The immediate problem with this approach is that it is susceptible to variation in allele frequencies among populations. Two people with identical weighted allelic sums may nevertheless have very different relative risks according to whether they are, for example, of African, Asian, or European descent (Fig. 1.1c). Somewhat paradoxically, heterozygosity at a single contributing locus can either increase or decrease the odds in different ethnicities, according to whether the risk allele is rare or common in either population. Accommodations can be made by deriving separate multi-allelic scores for each ethnicity, but an additional complication arises where admixture (population mixing) exists, which is the norm in contemporary America at least. Perhaps risk scores should be adjusted by the allelic frequencies expected of individuals with the observed mixture of ethnicities, but a case for local ancestry adjustment with phased genomes can be made [54, 55], and then the issue of the appropriate baseline prevalence arises. It is not yet clear how much of an issue this is, and clearly much more research needs to be done, likely also including attention to geographically structured cultural and environmental modifiers of prevalence.

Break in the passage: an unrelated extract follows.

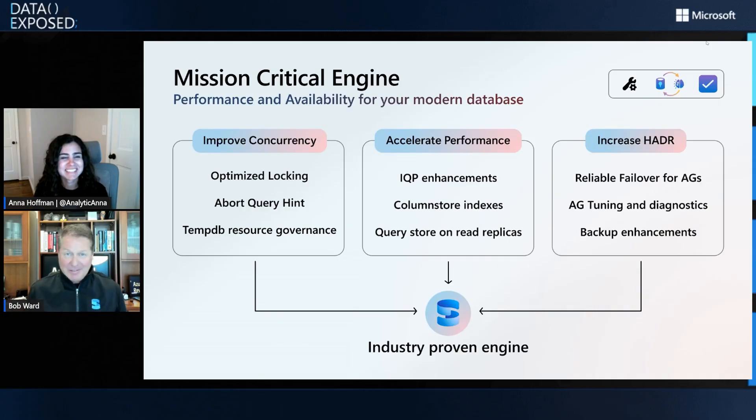Meat and potatoes — we still have great stuff in the engine that people are going to love. Performance is critical for customers, and we've got great things: enhancements for Intelligent Query Processing, columnstore indexes, Query Store for read replicas. But application concurrency can be just as critical — so how about getting rid of lock escalation and blocking problems with a new Optimized Locking feature that's also already in Azure? And things like setting a hint in Query Store to abort a query that's taking over your server, or setting up Resource Governor so TempDB doesn't go out of control. On the right-hand side, Always On Availability Groups — the flagship HADR feature for SQL Server — has many enhancements. The team looked at customer feedback, direct requests, and escalations from customers, and put in a great deal of features to help with reliable failovers, tuning, performance, and diagnostics.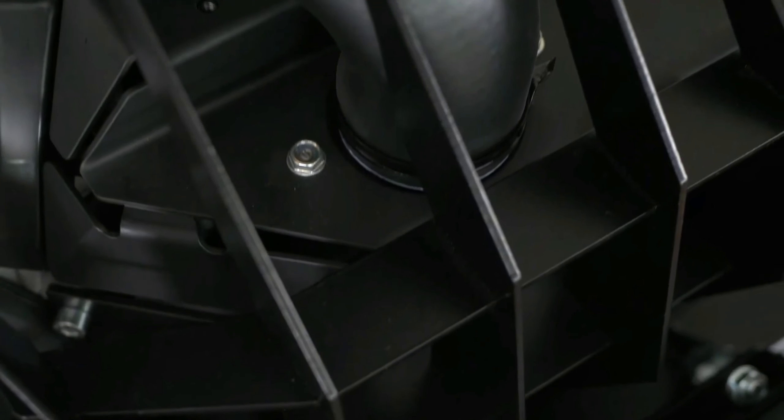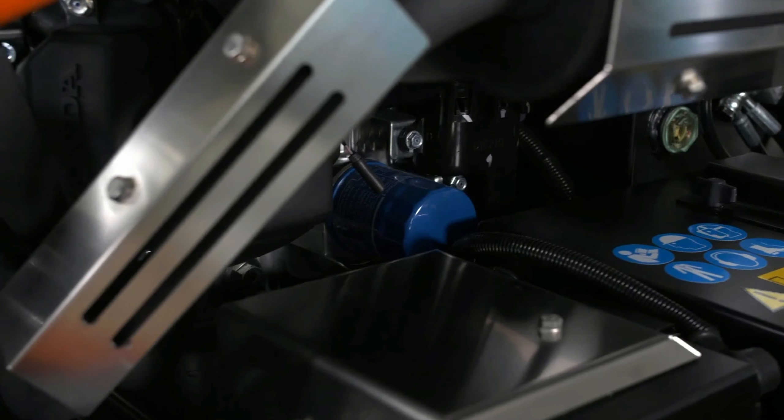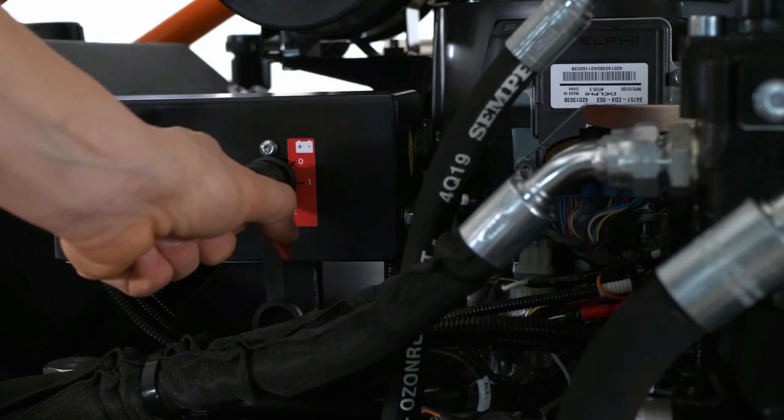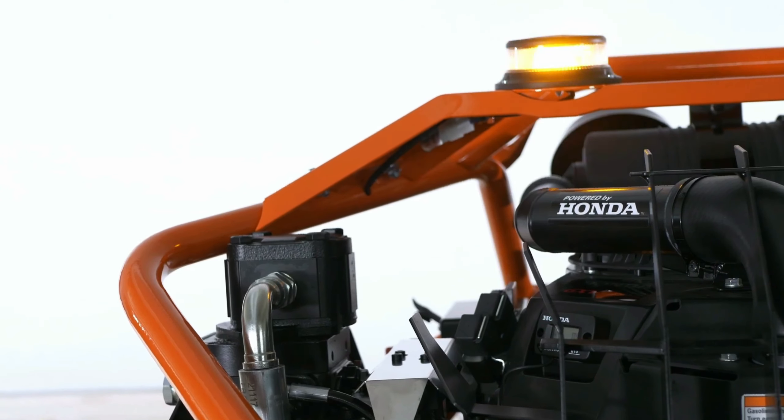The URS 100 is a lawnmower designed for safe and soil-friendly off-road use on extreme slopes up to 55 degrees. It features a balanced weight distribution, wide track crawler chassis, low center of gravity, and patented caterpillar drive for traction on all soil types.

Finally, predictors and classifiers that do not assume additive effects of GWAS hits are being introduced. Sparse factorization and machine-learning approaches offer very powerful approaches that generate scores, incorporating SNPs that do not have strong univariate associations, or whose effects are conditional on other terms in the model [1, 3, 24, 29]. Often scores are developed purely as mathematical abstractions, though the interpretation is that they incorporate cryptic epistasis (genotype-by-genotype interactions) as well as environment or gender-specific interactions [48]. In these cases, there is always the assumption that the conditions and effects are consistent across populations. Again, it is not yet clear how reliable this assumption is and hence how transitive machine-learning based scores typically will be.

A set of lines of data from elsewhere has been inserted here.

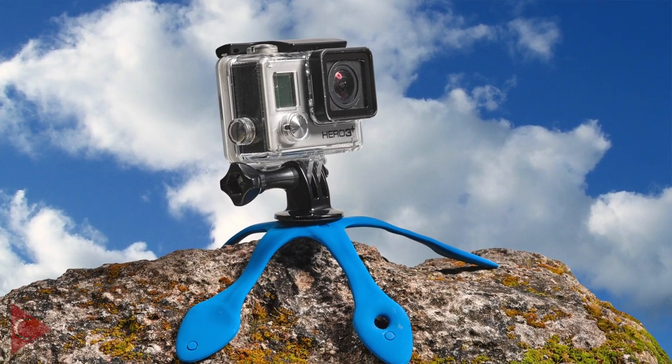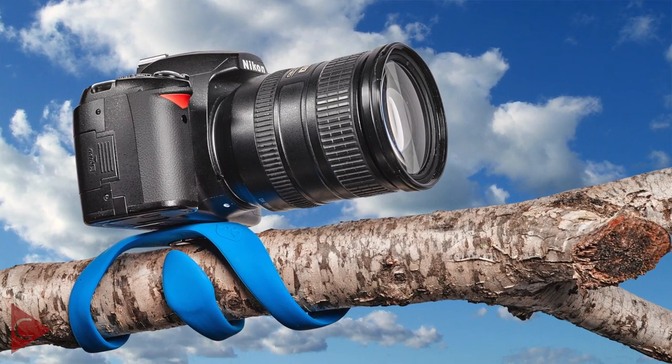Another funky product that Mego do are the Splat Flexible Tripods. They do different types for different sizes and weights of camera but they're really cool and really versatile. Great for if you're travelling because they're not only a little tripod but they also wrap around any shape and grip to any surface, and you can also hold it in your hand to reduce camera shake.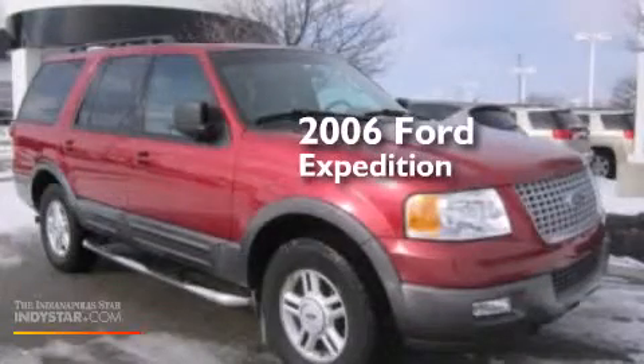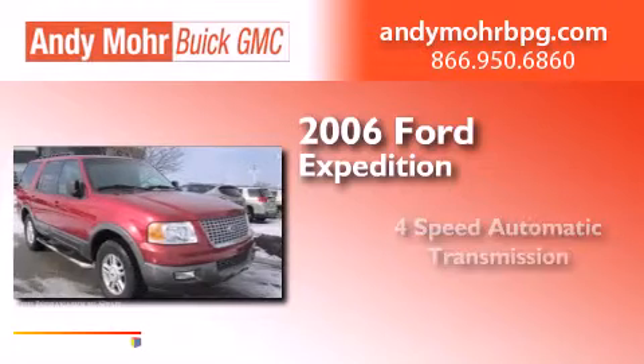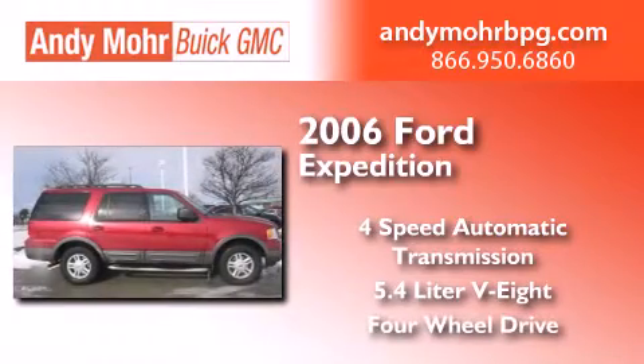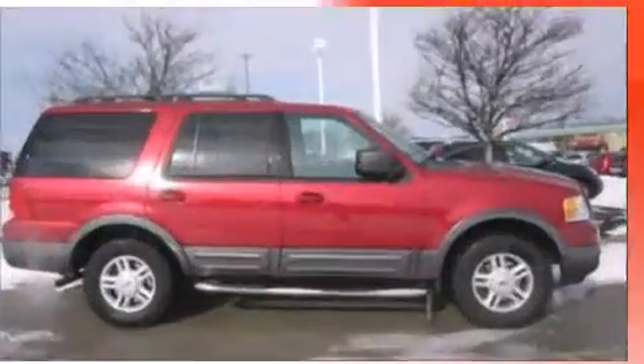This is a 2006 Ford Expedition. This SUV has a 4-speed automatic transmission, a 5.4-liter V8, and the added safety and control of 4-wheel drive.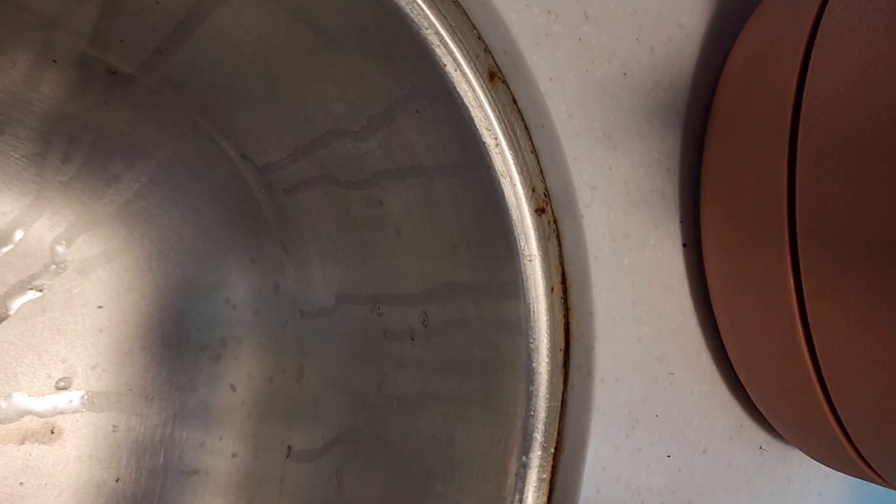This is a six-week-old Flagstaff 25KS with rust already forming on the sink. What a joke — spending almost $40,000 for this camper and you've got rust forming on the sink.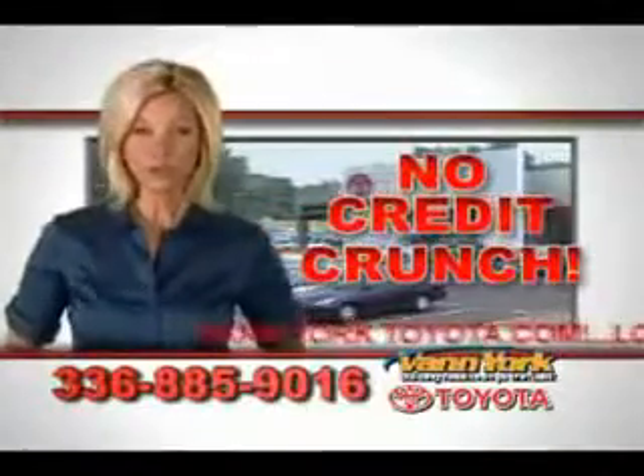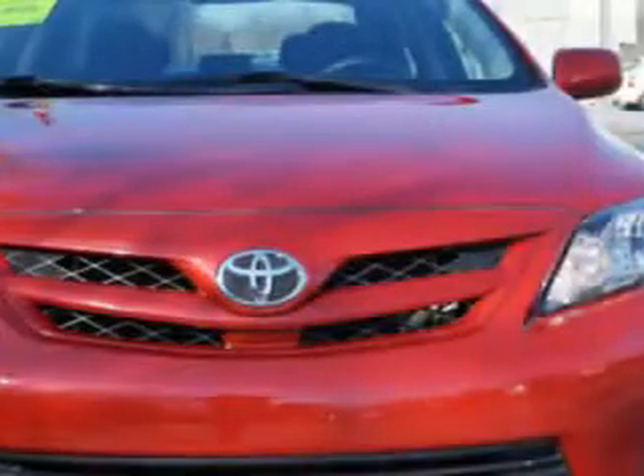There's no credit crunch at Van York Toyota — millions of dollars to lend. Curious about this one? I'll bet. It's a beautiful Barcelona red metallic 2011 Toyota Corolla S-Edition sedan parked on the lot at Van York Toyota today.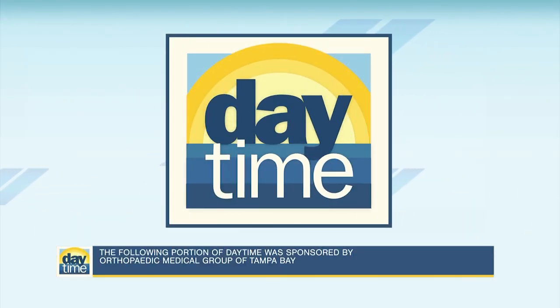The following portion of Daytime is sponsored by Orthopedic Medical Group of Tampa Bay. Foot pain from bunions is something that millions of people are dealing with every single day, and it can occur for a number of reasons, including years of pressure on the foot. Here to share ways to treat this condition, we have Dr. Patrick Donovan with Orthopedic Medical Group of Tampa Bay.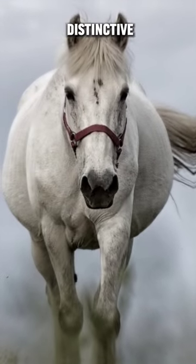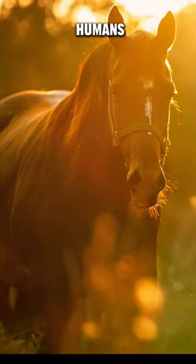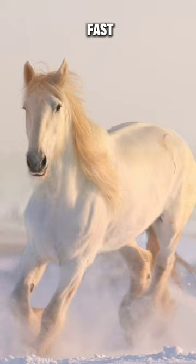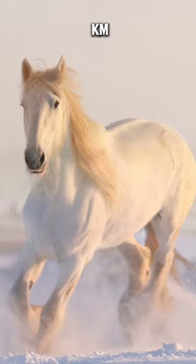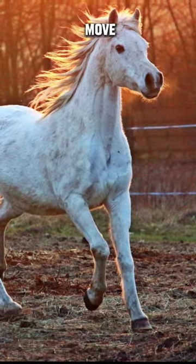Did you know? Distinctive Physical Features. Horses have a wide field of vision, seeing in a broader range than humans. They have strong legs that allow them to run very fast, reaching speeds of up to 40 km per hour. They have strong hooves that help them balance and move on various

1.2 Integrating Functional Genomic and Clinical Data to Capture Environmental Contributions

Irrespective of the nature of the risk score, the second major challenge is to combine these into an overall personal health profile. A key insight is that the extensive comorbidity of diseases establishes the expectation that genotypic risks should covary [42, 52]. Given risk scores for dozens or even hundreds of diseases, further mathematical manipulations may facilitate gains in prediction or classification accuracy that borrow power from across diseases. At the current stage of development of personal genomic medicine, there is insufficient data to discern robust patterns of covariance, with the exception of autoimmune diseases that share common polymorphisms [32, 46]. So long as individual disease risk scores only capture a minor fraction of the genotypic risk, they are unlikely to capture to true architecture of comorbidity, but presumably this will change as more comprehensive predictors are developed.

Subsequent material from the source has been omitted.